(INPUT DATA)

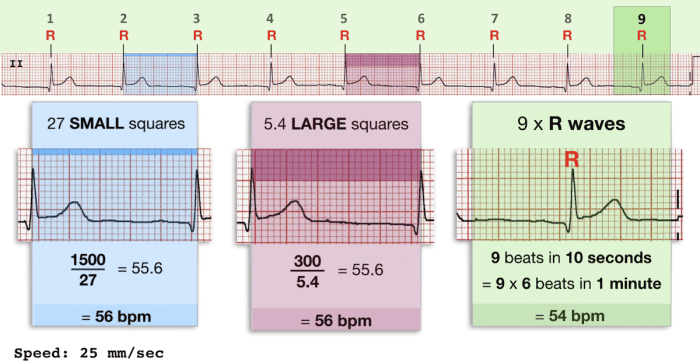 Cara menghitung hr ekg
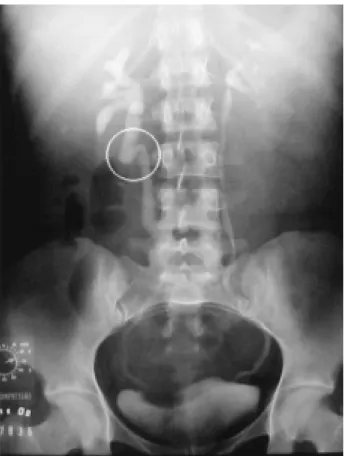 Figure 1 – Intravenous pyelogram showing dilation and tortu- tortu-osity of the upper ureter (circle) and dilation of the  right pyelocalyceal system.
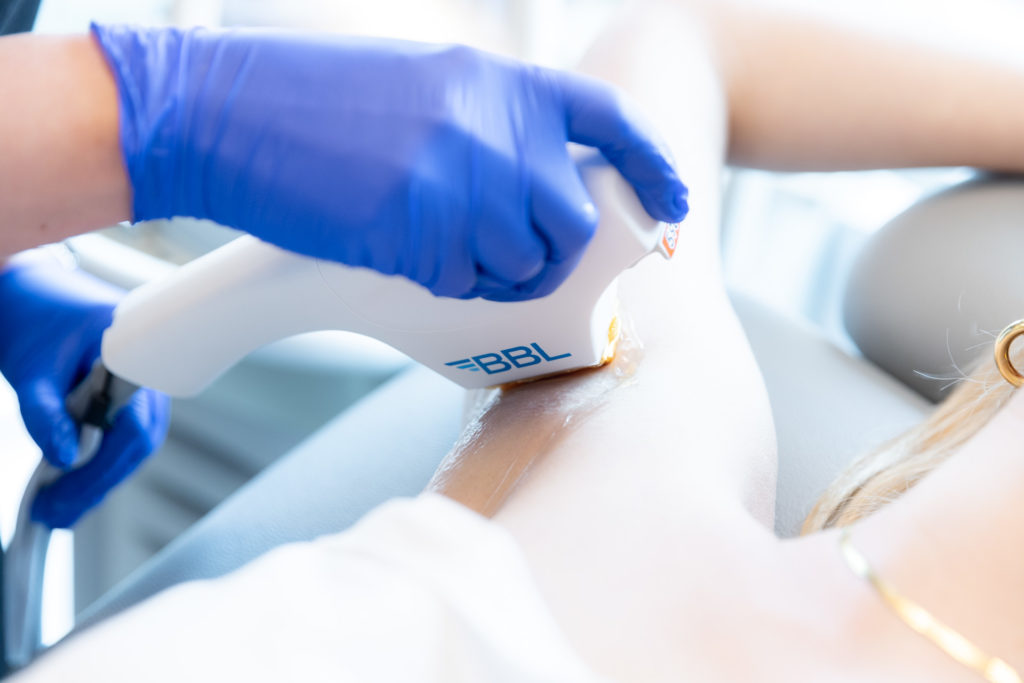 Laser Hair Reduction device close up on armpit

(End INPUT DATA)
(INPUT DATA)

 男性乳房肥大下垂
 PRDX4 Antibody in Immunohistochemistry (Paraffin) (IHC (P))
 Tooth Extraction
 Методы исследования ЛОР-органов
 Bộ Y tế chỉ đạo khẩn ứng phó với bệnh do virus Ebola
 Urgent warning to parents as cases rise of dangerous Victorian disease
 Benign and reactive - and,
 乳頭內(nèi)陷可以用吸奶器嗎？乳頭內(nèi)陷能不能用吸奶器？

(End INPUT DATA)

WHAT IS NEEDED: Reproduce, word for word, only the lines in the records above from the line with "Cara menghitung hr ekg" through the line with "Laser Hair Reduction", including both ends; omit the pictures.

COMPLETED EXERCISE:
 Cara menghitung hr ekg
 Figure 1 – Intravenous pyelogram showing dilation and tortu- tortu-osity of the upper ureter (circle) and dilation of the  right pyelocalyceal system.
 Laser Hair Reduction device close up on armpit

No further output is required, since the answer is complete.